The New York Times loves to tell stories of people who got off the “work-spend treadmill” by selling off all but about 100 personal items and moving into a 400-square-foot studio apartment in Portland. Even the Wall Street Journal has jumped on board by telling the heartwarming story of someone who bought and remodeled a small bungalow in Portland.

Actually, they didn’t exactly remodel it. Instead, they tore it down and built this 7,600-square-foot house complete with a wine cellar, sauna, and lap pool. But the good news is that the owners feel the home is too ostentatious, so they are selling it and plan to buy a smaller house in Portland. And a house in Hawaii. They are also keeping their condo in San Francisco.

It is good to know that the Antiplanner is not the only one who is skeptical of conspicuous minimalist consumption.

Is Portland’s Plan Working?

A new census of downtown Portland employers reveals that, for the first time since the annual census began in 2001, the number of downtown workers taking transit to work exceeded the number driving in 2009. This isn’t because the number taking transit to work increased — it declined by 6 percent — but because the number biking and walking to work grew by 170 percent.
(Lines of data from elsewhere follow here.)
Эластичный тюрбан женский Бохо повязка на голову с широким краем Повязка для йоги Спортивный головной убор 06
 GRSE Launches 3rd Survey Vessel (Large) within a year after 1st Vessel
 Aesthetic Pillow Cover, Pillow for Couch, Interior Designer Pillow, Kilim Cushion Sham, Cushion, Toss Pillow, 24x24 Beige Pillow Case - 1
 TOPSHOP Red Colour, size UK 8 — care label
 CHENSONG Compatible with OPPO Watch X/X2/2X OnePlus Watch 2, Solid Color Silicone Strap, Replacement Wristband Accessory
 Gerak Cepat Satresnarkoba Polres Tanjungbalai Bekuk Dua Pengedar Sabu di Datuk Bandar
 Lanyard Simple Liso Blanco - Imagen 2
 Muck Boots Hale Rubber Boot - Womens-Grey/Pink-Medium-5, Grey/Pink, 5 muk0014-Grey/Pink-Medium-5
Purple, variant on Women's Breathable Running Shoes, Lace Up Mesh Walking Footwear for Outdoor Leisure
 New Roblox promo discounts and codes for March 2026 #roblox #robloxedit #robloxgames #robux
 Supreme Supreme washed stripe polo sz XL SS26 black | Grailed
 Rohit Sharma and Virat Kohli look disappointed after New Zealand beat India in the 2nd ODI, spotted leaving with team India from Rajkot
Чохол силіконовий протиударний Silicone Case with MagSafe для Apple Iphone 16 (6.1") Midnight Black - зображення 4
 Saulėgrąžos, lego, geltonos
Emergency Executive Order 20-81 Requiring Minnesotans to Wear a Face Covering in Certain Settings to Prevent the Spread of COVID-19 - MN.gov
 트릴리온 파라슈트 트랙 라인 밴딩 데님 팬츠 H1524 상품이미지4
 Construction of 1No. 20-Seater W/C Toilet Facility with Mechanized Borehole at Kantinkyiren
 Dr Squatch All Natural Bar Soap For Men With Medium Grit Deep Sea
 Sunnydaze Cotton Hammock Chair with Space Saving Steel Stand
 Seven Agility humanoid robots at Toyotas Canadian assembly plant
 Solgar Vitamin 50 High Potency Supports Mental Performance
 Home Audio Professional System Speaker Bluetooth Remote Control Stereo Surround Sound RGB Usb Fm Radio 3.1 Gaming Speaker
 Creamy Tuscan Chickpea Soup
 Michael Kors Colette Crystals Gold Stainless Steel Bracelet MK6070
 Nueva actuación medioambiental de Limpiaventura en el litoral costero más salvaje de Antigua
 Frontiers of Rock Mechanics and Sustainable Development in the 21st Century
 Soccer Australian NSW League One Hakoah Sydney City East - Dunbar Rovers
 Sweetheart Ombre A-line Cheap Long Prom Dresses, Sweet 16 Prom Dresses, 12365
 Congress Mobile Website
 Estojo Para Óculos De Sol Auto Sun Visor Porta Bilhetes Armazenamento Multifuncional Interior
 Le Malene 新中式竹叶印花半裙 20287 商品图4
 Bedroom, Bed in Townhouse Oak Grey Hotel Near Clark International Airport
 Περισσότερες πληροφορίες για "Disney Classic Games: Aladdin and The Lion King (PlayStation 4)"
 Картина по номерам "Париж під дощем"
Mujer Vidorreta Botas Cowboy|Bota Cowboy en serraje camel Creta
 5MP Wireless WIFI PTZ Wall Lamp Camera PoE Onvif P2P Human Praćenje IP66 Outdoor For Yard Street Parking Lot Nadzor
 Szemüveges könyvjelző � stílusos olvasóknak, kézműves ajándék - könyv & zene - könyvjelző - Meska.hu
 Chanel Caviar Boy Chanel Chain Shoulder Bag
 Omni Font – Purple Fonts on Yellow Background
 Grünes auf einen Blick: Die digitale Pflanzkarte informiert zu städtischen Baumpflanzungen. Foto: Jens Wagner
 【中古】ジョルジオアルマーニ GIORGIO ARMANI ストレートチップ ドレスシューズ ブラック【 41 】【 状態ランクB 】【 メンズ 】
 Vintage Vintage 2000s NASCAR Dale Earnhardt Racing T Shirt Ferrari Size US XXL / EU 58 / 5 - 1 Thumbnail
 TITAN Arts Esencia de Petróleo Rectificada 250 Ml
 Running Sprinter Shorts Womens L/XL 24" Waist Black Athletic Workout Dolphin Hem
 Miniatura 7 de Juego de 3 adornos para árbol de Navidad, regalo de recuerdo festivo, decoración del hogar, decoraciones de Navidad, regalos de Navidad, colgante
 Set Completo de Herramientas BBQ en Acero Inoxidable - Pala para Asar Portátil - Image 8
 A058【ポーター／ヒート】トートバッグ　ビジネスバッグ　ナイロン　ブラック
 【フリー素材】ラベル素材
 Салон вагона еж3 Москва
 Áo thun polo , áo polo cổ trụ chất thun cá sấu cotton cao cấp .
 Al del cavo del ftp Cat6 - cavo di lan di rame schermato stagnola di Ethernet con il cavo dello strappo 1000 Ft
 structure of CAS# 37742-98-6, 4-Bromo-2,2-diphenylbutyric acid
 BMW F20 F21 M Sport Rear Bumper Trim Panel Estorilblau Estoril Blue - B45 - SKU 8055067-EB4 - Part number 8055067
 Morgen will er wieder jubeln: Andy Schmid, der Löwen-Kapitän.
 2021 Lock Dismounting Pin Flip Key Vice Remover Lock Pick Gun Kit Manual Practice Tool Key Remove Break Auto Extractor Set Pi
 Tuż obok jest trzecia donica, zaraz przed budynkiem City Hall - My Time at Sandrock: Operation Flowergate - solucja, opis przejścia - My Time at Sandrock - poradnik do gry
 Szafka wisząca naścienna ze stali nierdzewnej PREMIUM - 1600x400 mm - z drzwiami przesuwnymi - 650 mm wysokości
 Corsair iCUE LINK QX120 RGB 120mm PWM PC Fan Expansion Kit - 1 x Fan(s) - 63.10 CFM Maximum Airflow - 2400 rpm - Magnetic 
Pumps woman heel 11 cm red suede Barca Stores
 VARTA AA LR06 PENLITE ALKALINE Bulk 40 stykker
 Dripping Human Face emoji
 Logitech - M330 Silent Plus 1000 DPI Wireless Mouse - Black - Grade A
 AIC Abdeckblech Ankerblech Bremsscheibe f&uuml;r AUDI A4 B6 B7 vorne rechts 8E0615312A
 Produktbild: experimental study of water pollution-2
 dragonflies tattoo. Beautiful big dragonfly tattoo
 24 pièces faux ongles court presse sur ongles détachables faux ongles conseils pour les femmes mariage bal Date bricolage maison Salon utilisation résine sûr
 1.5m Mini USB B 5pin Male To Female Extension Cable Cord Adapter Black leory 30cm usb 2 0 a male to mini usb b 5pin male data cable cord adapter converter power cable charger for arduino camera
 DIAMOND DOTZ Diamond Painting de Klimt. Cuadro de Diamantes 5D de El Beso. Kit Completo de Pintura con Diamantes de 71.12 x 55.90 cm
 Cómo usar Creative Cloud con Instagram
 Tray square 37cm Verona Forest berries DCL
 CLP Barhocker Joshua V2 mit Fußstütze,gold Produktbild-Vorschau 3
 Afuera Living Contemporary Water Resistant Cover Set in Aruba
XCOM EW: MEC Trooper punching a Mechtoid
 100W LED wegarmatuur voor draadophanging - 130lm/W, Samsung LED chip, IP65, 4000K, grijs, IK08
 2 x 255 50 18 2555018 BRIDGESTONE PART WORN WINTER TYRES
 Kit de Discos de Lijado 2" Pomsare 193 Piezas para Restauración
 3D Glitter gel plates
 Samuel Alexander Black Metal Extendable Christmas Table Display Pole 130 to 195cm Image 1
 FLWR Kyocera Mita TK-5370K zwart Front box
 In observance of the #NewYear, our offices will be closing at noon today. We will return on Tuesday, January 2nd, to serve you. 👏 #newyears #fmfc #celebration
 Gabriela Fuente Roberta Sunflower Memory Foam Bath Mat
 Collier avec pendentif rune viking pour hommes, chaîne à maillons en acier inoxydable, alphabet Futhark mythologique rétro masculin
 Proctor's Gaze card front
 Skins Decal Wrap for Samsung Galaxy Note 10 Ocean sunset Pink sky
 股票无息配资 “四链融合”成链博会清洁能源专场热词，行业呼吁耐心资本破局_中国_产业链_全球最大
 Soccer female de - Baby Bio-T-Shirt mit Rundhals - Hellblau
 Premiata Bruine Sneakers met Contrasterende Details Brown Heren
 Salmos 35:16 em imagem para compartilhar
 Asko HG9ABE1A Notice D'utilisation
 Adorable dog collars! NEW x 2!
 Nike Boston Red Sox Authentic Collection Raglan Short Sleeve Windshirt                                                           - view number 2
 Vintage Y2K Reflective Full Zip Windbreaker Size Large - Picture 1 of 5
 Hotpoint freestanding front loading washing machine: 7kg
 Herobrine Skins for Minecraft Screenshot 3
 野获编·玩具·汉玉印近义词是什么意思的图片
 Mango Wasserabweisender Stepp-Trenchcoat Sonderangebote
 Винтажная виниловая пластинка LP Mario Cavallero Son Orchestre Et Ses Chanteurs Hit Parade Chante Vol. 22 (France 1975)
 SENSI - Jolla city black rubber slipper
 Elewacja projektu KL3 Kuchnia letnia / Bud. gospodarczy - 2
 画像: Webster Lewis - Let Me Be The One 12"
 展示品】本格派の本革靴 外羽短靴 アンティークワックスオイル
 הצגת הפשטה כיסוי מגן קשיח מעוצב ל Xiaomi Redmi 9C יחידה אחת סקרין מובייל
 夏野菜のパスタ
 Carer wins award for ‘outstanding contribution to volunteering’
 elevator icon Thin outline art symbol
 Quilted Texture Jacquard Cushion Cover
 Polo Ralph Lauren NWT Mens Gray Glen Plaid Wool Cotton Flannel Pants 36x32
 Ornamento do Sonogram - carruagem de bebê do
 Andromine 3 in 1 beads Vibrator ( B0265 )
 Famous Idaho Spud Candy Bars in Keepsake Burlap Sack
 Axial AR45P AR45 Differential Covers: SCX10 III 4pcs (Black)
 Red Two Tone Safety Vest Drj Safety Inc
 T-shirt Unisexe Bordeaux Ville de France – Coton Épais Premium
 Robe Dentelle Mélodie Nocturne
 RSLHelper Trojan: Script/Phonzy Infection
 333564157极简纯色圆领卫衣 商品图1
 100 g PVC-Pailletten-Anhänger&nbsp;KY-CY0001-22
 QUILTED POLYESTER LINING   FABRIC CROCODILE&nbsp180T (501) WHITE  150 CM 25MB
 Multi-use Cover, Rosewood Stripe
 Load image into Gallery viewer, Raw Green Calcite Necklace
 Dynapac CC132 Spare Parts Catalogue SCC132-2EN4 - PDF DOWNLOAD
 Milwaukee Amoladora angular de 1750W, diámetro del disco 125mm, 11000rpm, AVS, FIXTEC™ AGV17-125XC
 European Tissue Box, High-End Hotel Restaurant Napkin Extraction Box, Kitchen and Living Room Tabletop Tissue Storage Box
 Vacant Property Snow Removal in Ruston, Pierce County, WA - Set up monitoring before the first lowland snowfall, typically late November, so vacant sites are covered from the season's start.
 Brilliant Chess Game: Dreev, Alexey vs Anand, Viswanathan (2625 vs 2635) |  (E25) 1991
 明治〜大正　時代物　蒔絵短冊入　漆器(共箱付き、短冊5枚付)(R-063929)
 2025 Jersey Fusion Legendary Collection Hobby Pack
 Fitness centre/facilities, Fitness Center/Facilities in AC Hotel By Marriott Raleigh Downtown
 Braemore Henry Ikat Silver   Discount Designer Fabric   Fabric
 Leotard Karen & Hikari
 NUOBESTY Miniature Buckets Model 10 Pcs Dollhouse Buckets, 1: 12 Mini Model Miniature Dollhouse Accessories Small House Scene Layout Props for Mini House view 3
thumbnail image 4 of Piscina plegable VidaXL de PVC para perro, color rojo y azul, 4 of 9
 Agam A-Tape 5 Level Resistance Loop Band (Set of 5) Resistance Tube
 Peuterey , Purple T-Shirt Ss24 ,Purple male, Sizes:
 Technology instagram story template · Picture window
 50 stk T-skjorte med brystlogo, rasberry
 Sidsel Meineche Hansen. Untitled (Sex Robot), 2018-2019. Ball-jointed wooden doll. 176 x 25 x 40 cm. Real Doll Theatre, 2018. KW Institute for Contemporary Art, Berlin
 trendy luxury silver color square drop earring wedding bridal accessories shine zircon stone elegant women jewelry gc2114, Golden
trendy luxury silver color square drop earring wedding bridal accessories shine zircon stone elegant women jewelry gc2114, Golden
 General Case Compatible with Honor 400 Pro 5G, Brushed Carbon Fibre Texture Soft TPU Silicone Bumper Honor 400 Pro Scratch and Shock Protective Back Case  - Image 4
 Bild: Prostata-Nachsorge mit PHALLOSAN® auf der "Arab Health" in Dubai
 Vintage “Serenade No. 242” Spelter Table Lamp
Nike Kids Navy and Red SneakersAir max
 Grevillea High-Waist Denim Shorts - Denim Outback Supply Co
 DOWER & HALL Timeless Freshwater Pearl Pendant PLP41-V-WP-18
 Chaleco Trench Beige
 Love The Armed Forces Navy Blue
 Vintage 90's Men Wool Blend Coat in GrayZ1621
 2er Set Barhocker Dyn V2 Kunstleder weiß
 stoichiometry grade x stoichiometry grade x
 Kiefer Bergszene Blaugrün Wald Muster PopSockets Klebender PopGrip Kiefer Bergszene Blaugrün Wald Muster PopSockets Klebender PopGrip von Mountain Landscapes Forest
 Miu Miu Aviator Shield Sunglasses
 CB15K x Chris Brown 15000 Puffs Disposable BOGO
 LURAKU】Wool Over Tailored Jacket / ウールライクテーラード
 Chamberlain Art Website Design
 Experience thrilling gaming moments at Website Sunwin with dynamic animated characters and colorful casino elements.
You can look at all the census data for 2001 through 2006 in the 2006 report. The 2007, 2008, and 2008 reports contain commuting data only for those years. These data were collected by the Portland Business Alliance.

The increase in biking and walking to work accounts for almost 90 percent of the reduction in driving to work, and some might say this is a victory for Portland planners. But a comparison of the downtown census data with U.S. census data for the city of Portland and Portland urban area in 2000 and 2008 reveal some problems. (Note: The U.S. Census did not report commuting data in its 2001 survey, and the 2009 survey data are not out yet, so I am using 2000 and 2008 to compare with the downtown census’ 2001 and 2009 data.)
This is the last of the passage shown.